REMINDING GOVERNMENT: HUMAN RIGHTS ARE CORE BUSINESS

Tomorrow is Human Rights Day. Each year the international community commemorates that day in 1948 when the United Nations General Assembly adopted the Universal Declaration of Human Rights. Australia played a leading role in its development and reach. On its 68th anniversary, Patrick Emerton from the Castan Centre for Human Rights Law reminds us why human rights are more important than ever, and why governments must not forget their role.

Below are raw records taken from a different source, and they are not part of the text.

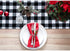 Senneny Christmas Large Table Runner 14 x 108 Inch, Burlap & Cotton Black White Plaid Reversible Buffalo Check for Decor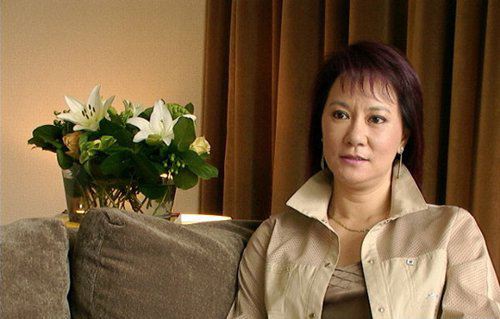 苗可秀的近照现状 苗可秀与李小龙昔日合影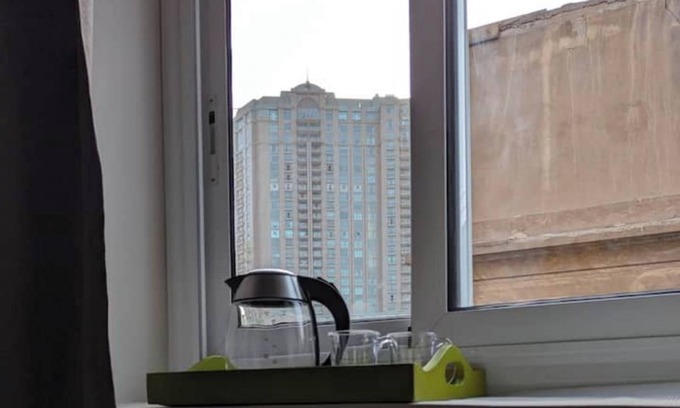 Garden City Apartamento | Mini Modern Studio in Garden City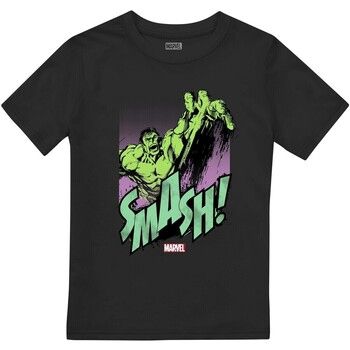 Marvel Tops y Camisetas Gamma Smash para niño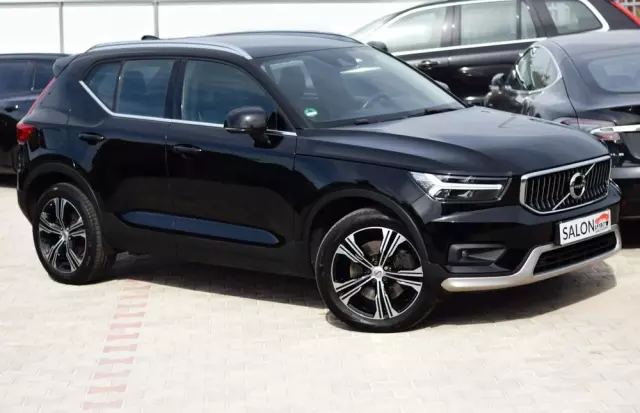 VOLVO XC 40 T5 Plug-In Hybrid Inscription
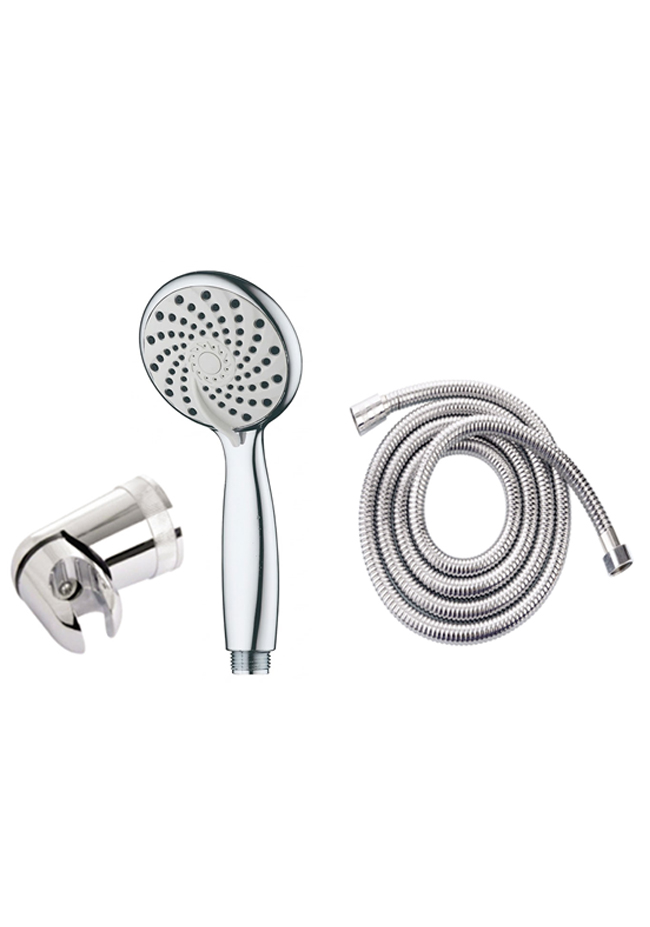 SET DUCHA + FLEXIBLE + SOPORTE ECO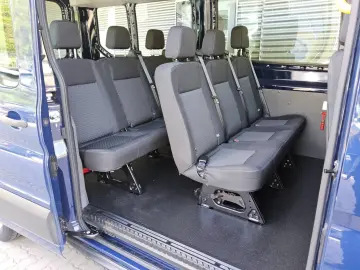 FORD Transit 2.0 TDCi Trend 9-Sitze Aut. Navi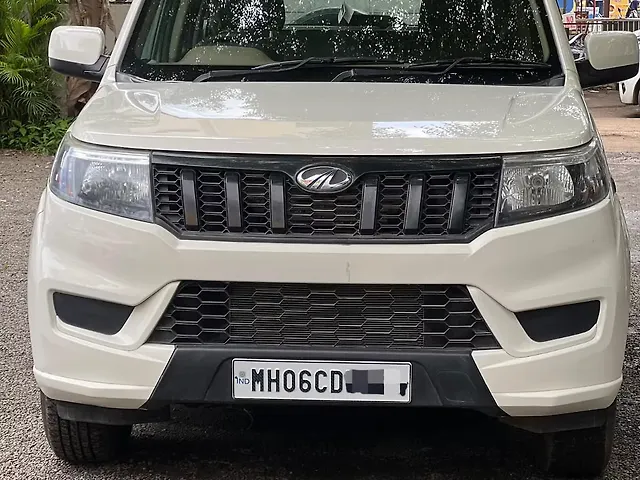 Used 2022 Mahindra Bolero in Nashik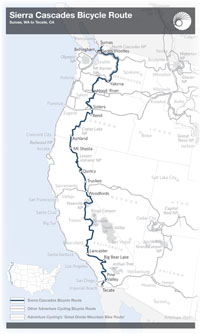 plan bike route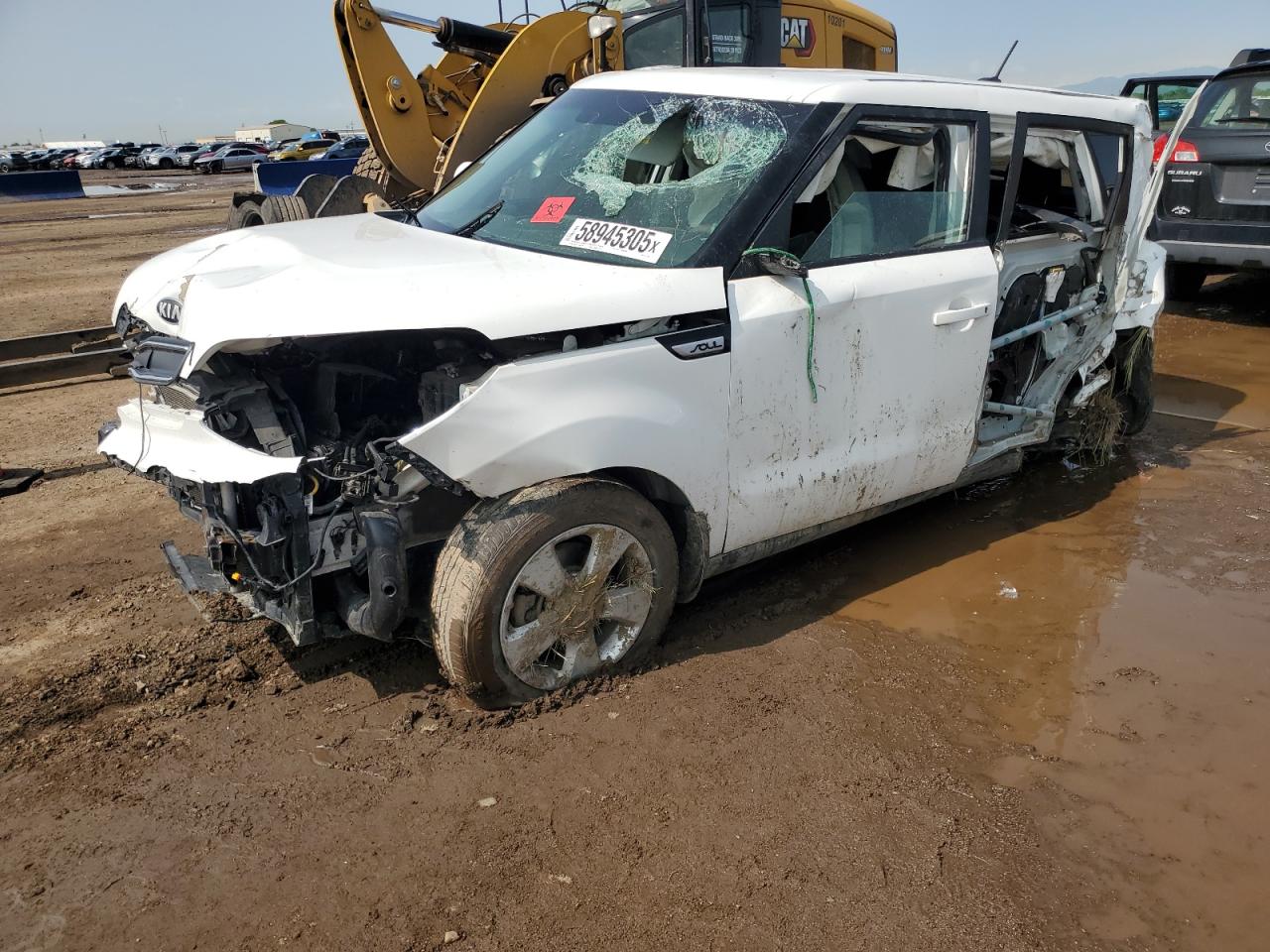 KIA SOUL 2019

What are human rights, and why do they matter? Part of an answer can be found in the 1945 Preamble to the Charter of the United Nations:

WE THE PEOPLES OF THE UNITED NATIONS DETERMINED … to reaffirm faith in fundamental human rights, in the dignity and worth of the human person, in the equal rights of men and women and of nations large and small, and … to promote social progress and better standards of life in larger freedom,

AND FOR THESE ENDS to practice tolerance and live together in peace with one another as good neighbours, and … to employ international machinery for the promotion of the economic and social advancement of all peoples,

HAVE RESOLVED TO COMBINE OUR EFFORTS TO ACCOMPLISH THESE AIMS.

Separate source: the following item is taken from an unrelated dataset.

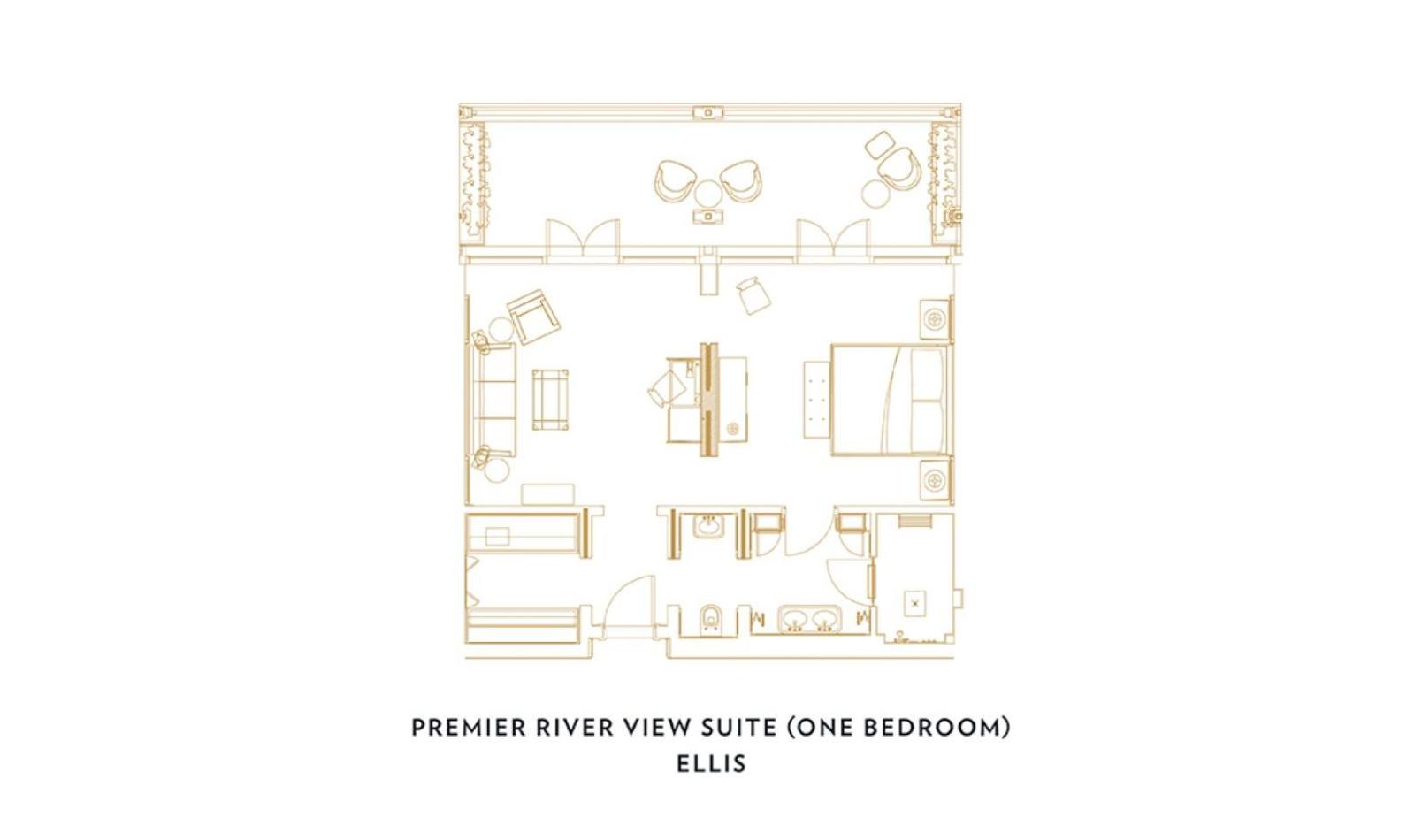 Premier River View Suite thumbnail 6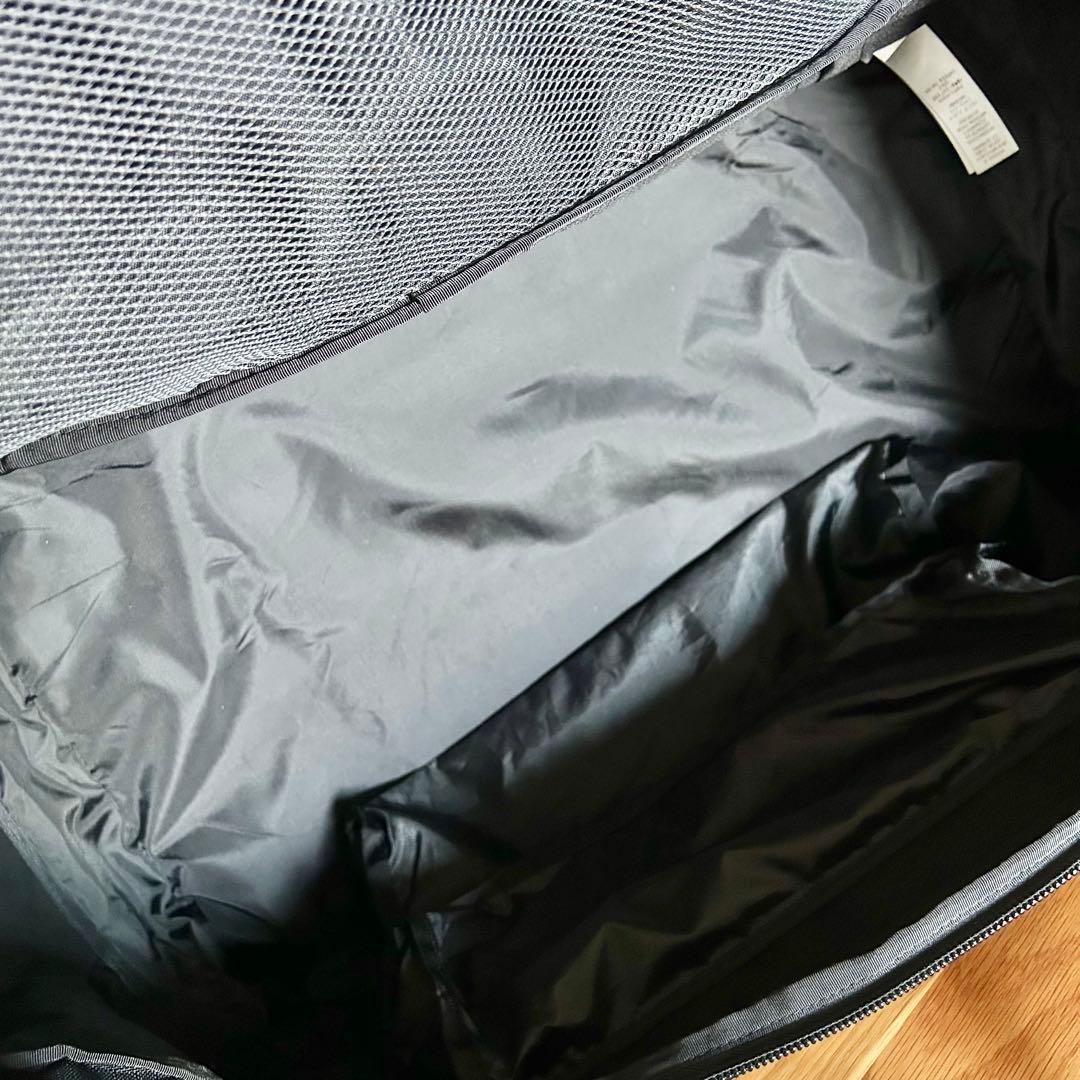 新品未使用品！　パタゴニア ブラックホールダッフル55L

And the 1948 Preamble to the Universal Declaration of Human Rights tells us a bit more:

[T]he peoples of the United Nations have in the Charter reaffirmed their faith in fundamental human rights, in the dignity and worth of the human person and in the equal rights of men and women and have determined to promote social progress and better standards of life in larger freedom … [and] Member States have pledged themselves to achieve, in cooperation with the United Nations, the promotion of universal respect for and observance of human rights and fundamental freedoms.… Now, Therefore THE GENERAL ASSEMBLY proclaims THIS UNIVERSAL DECLARATION OF HUMAN RIGHTS as a common standard of achievement for all peoples and all nations …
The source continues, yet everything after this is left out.